#### Work task
Please give back the listing below word for word, without the images.
↓↓↓
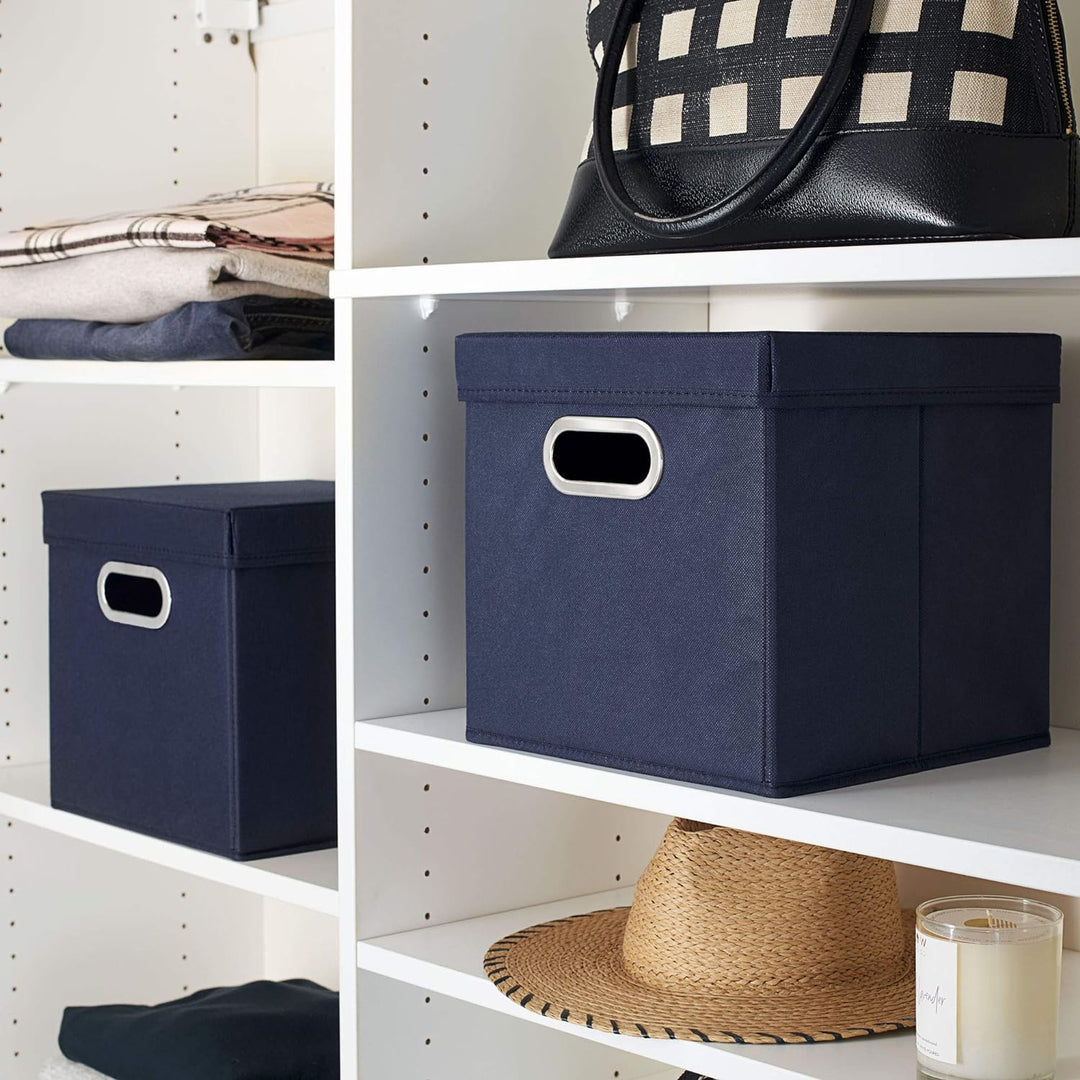Household Essentials Würfel Set mit Deckel, Navy, 2er Pack, Navy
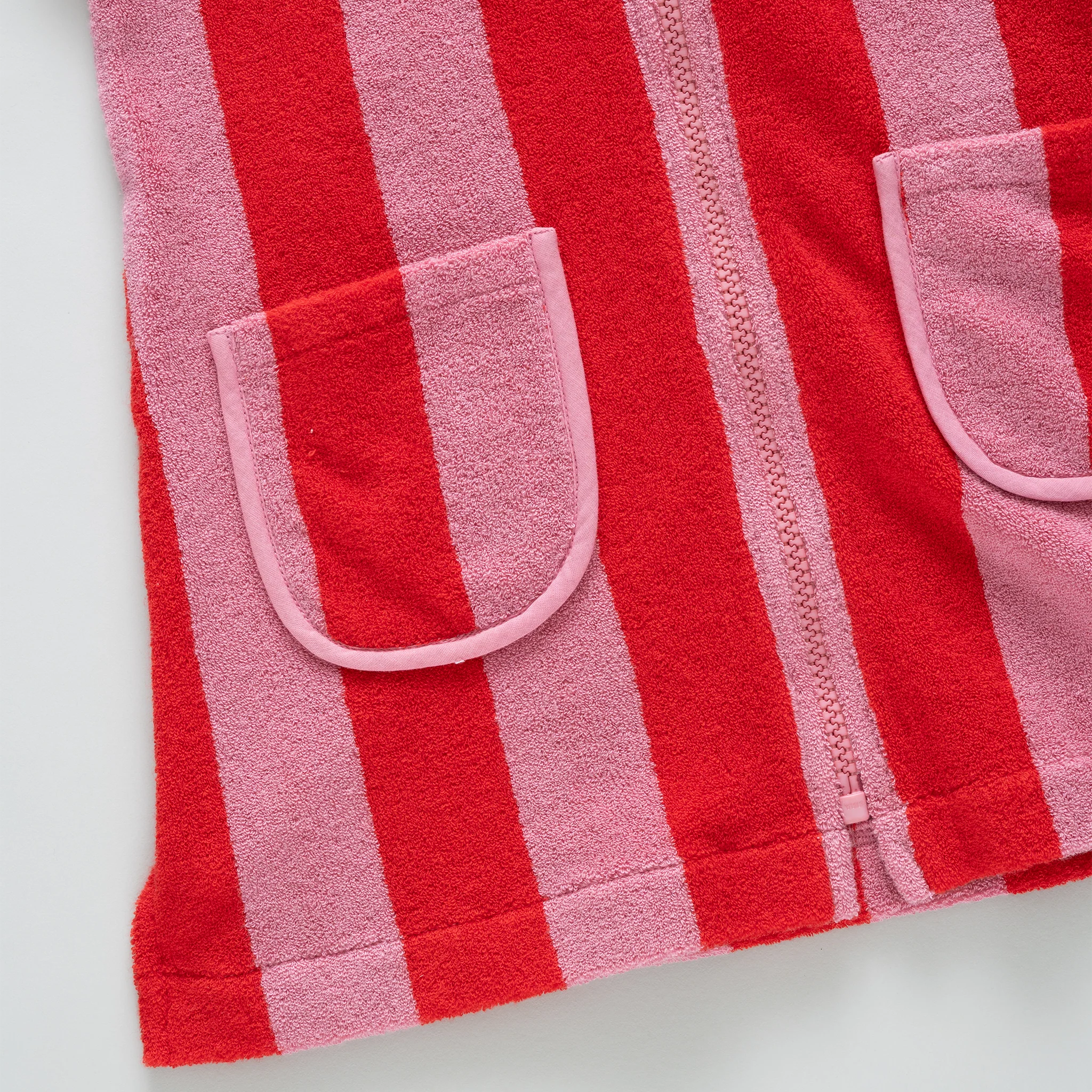 Girls Terry Coverup - Pink Red Stripe by Pink Chicken - Image 5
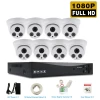 8 Channel H.264 NVR POE HD 1080P CCTV IP Cameras Kits 8 CH Home Video Surveillance Cameras System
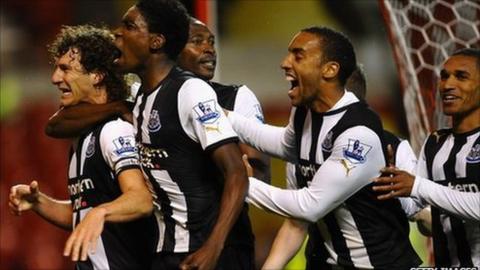 Newcastle's Fabricio Coloccini celebrates his winning goal against Nottingham Forest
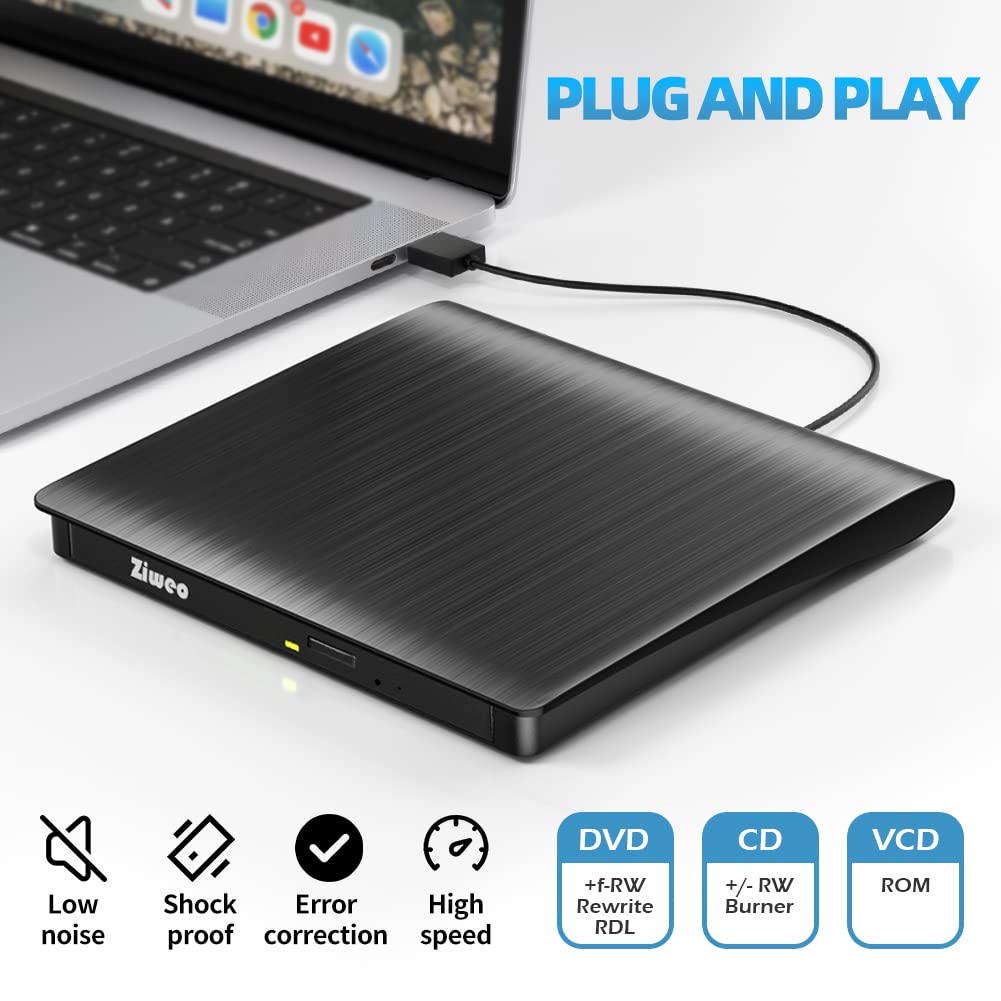 Portable USB 3.0 & Type-C CD/DVD drive, 8x DVD, 24x CD, case.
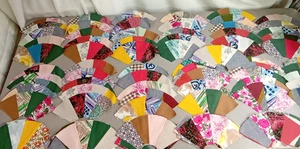 Lot-95 Quilt Blocks Machine-Sewn Fan-Shape 7"x3" Vintage 1950s-1970s Fabrics - Picture 1 of 20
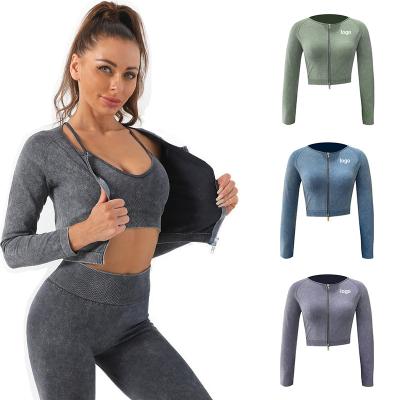 China Autumn Winter New Seamless Scrub Breathable Fitness Sports Ladies Zip Up Yoga Top for sale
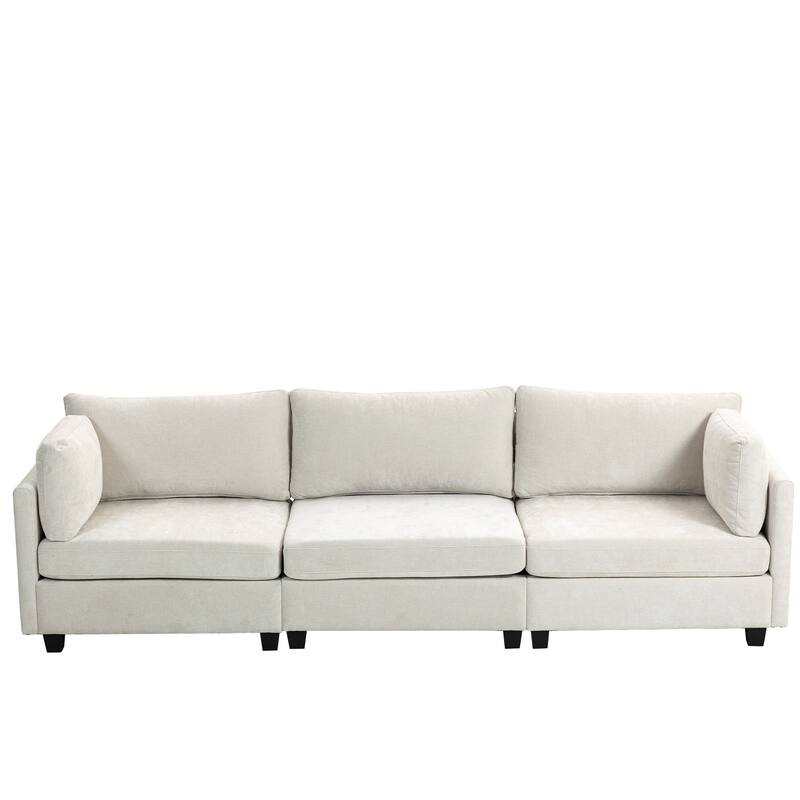 111.42" Fabric 4-Seater Sofa with Cloud Comfort & Hidden Storage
↑↑↑
#### Completed exercise
Household Essentials Würfel Set mit Deckel, Navy, 2er Pack, Navy
 Girls Terry Coverup - Pink Red Stripe by Pink Chicken - Image 5
 8 Channel H.264 NVR POE HD 1080P CCTV IP Cameras Kits 8 CH Home Video Surveillance Cameras System
 Newcastle's Fabricio Coloccini celebrates his winning goal against Nottingham Forest
 Portable USB 3.0 & Type-C CD/DVD drive, 8x DVD, 24x CD, case.
 Lot-95 Quilt Blocks Machine-Sewn Fan-Shape 7"x3" Vintage 1950s-1970s Fabrics - Picture 1 of 20
 China Autumn Winter New Seamless Scrub Breathable Fitness Sports Ladies Zip Up Yoga Top for sale
 111.42" Fabric 4-Seater Sofa with Cloud Comfort & Hidden Storage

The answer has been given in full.